I agree that the jobs tax is the wrong approach, and I agree with my noble friend Lord Jackson that there are some tricky issues in parts of local government. I have to say that I have often been an admirer of local government, particularly councils, over a long career.

This week the Government confirmed £502 million of funding to help local authorities to cover the increased costs of directly employed staff due to the changes in the national insurance contributions. Ministers have also allocated £13 million separately to mayoral combined authorities, with some allocations to follow in due course. As we have heard, local authorities will need additional support in the face of the jobs tax. I welcome the fact that Ministers have brought this support forward, but we have heard from my noble friend Lord Fuller that that the allocation is totally inadequate. He called it a £1.226 billion headache, while my noble friend Lord Jamieson, also very experienced in this area, explained that it is just not possible to absorb these sorts of costs, for example, by reducing prices to suppliers. Services will inevitably have to be cut.

I shall highlight some examples where we believe the allocations will fall short. Hampshire County Council is facing a £10 million increase in costs due to the increase in NICs but the allocation it has received from the Government is just £7 million, leaving a £3 million shortfall, which I suspect is quite typical.

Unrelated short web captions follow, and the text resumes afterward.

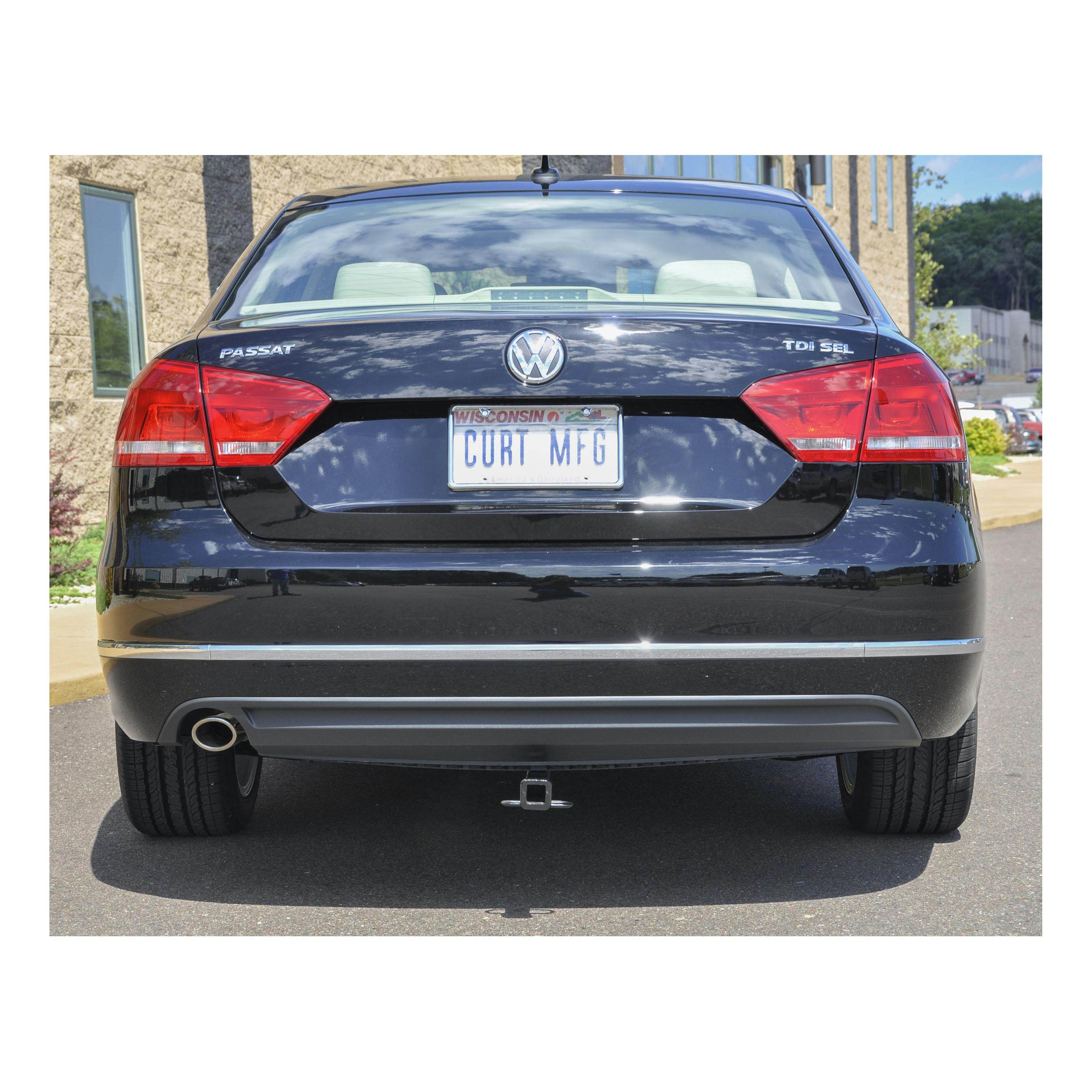 Vw passat outlet hitch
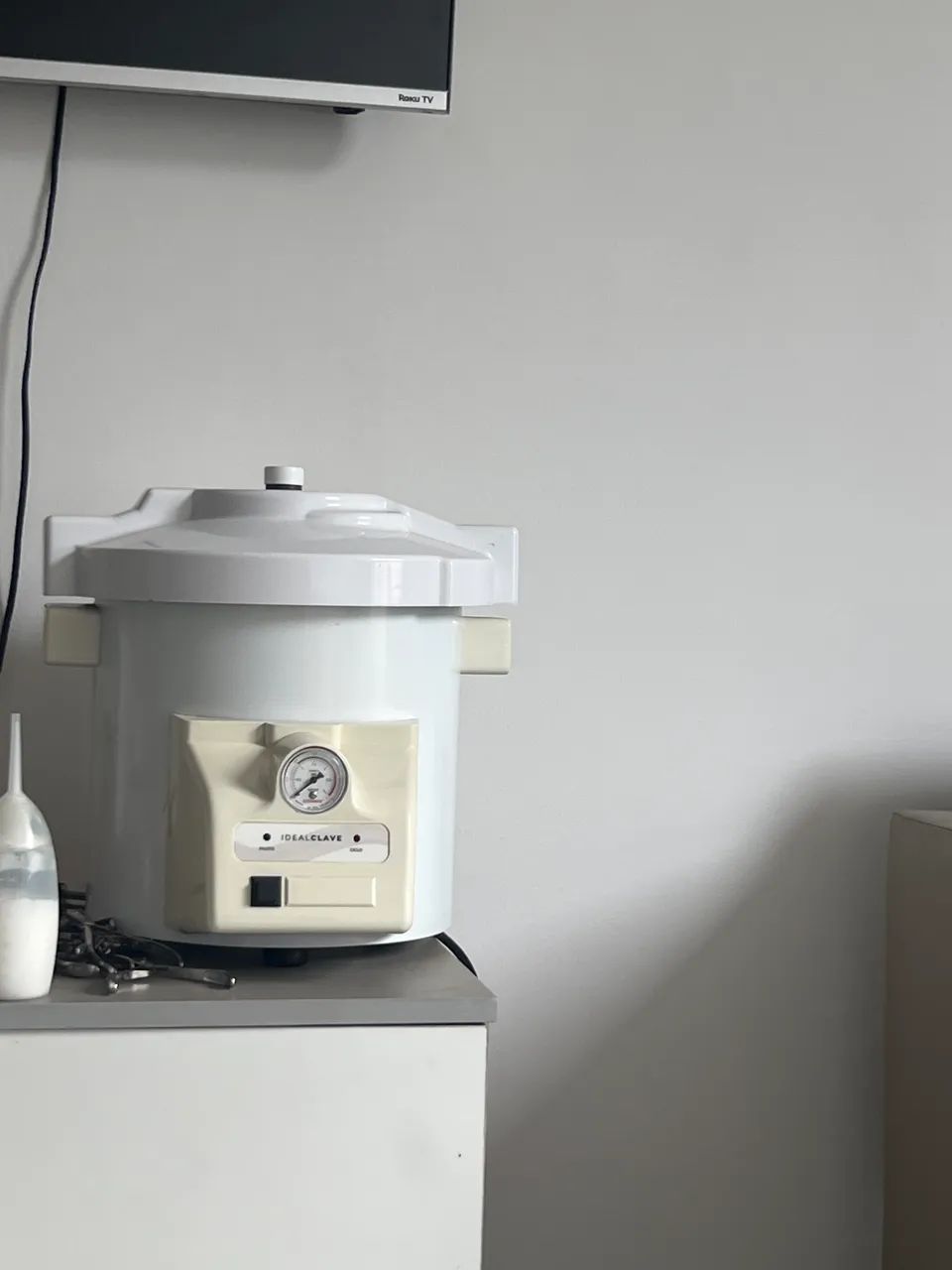 Vende-se Autoclave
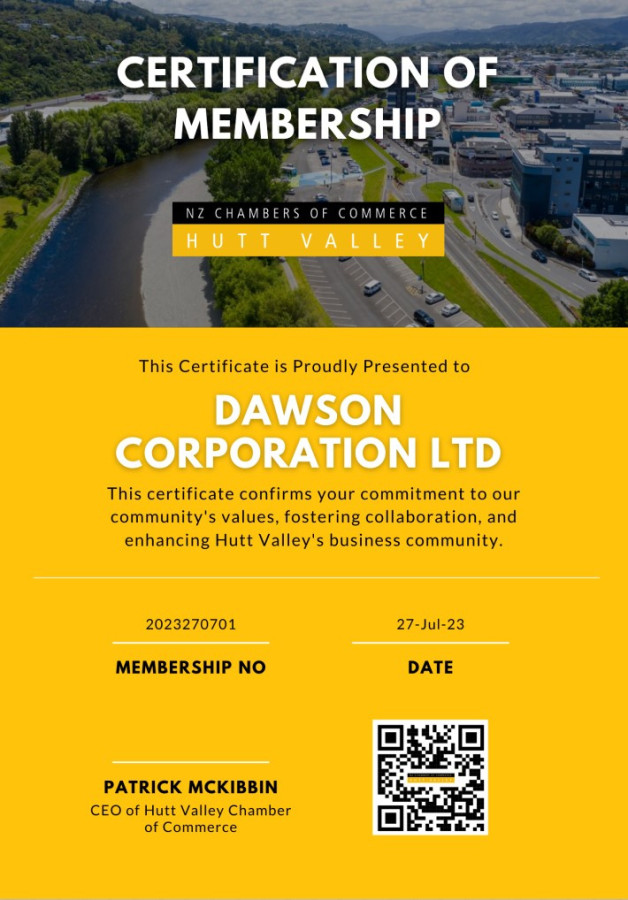 NZCCHT Membership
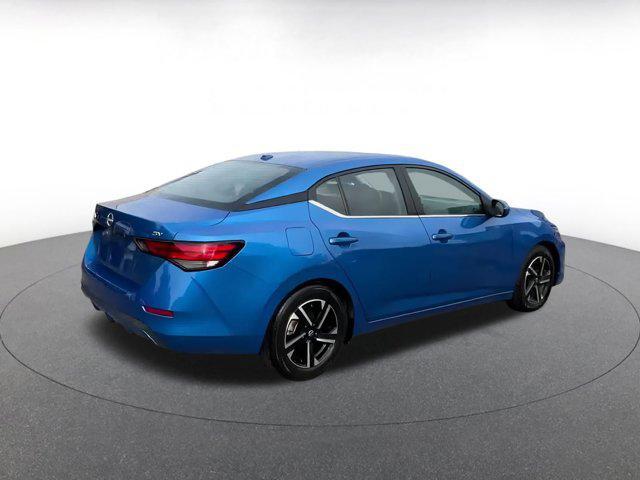 used 2024 Nissan Sentra car, priced at $16,730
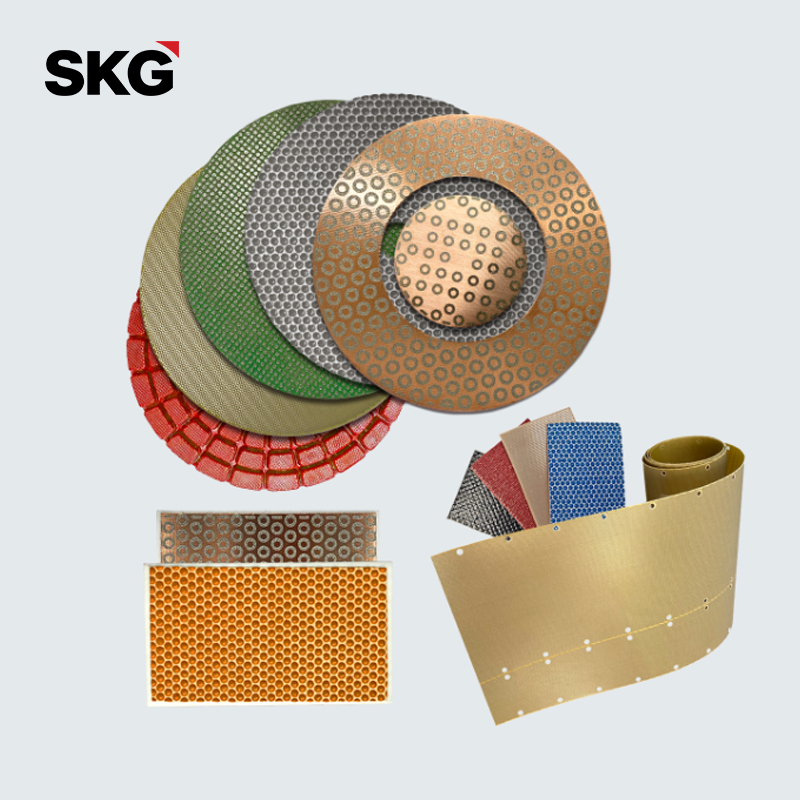 Flexible Diamond Produc...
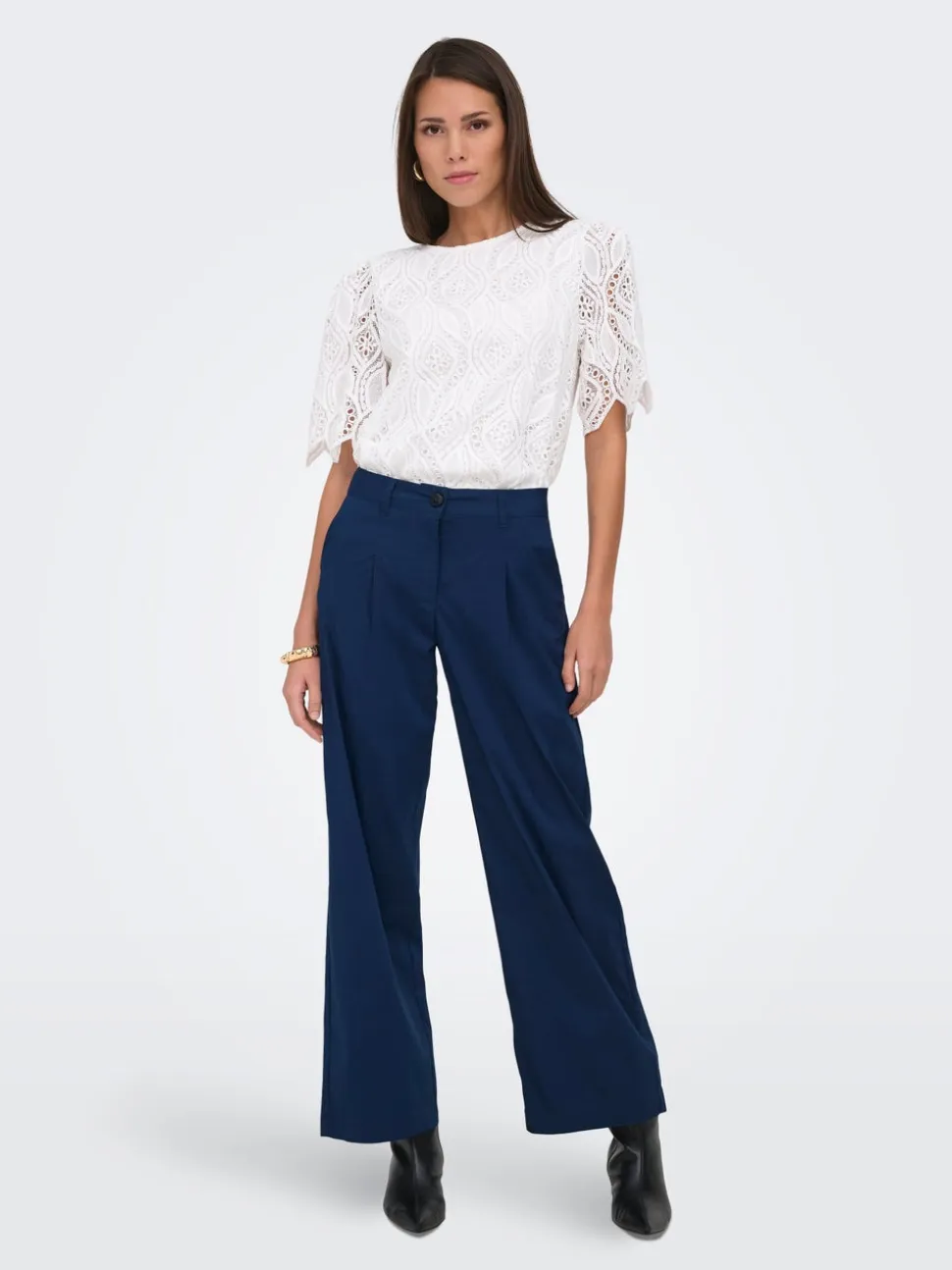JDYMIO Loose Fit Pantaloni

My noble friend Lord Jackson talked of the likely demise of the lido in Peterborough and of libraries that are closing, although I am glad to say that, so far, we have kept our libraries open in Wiltshire. We are also hearing reports from Kensington and Chelsea and Harlow councils that they are facing a shortfall following the announcement of the allocations.

Clearly the Government’s additional allocations need to cover every penny of the increased cost to local authorities, otherwise they are going to have to cut services. It would therefore be helpful if the Minister could commit to engaging with MHCLG to seek assurances about what is happening and how that could be improved.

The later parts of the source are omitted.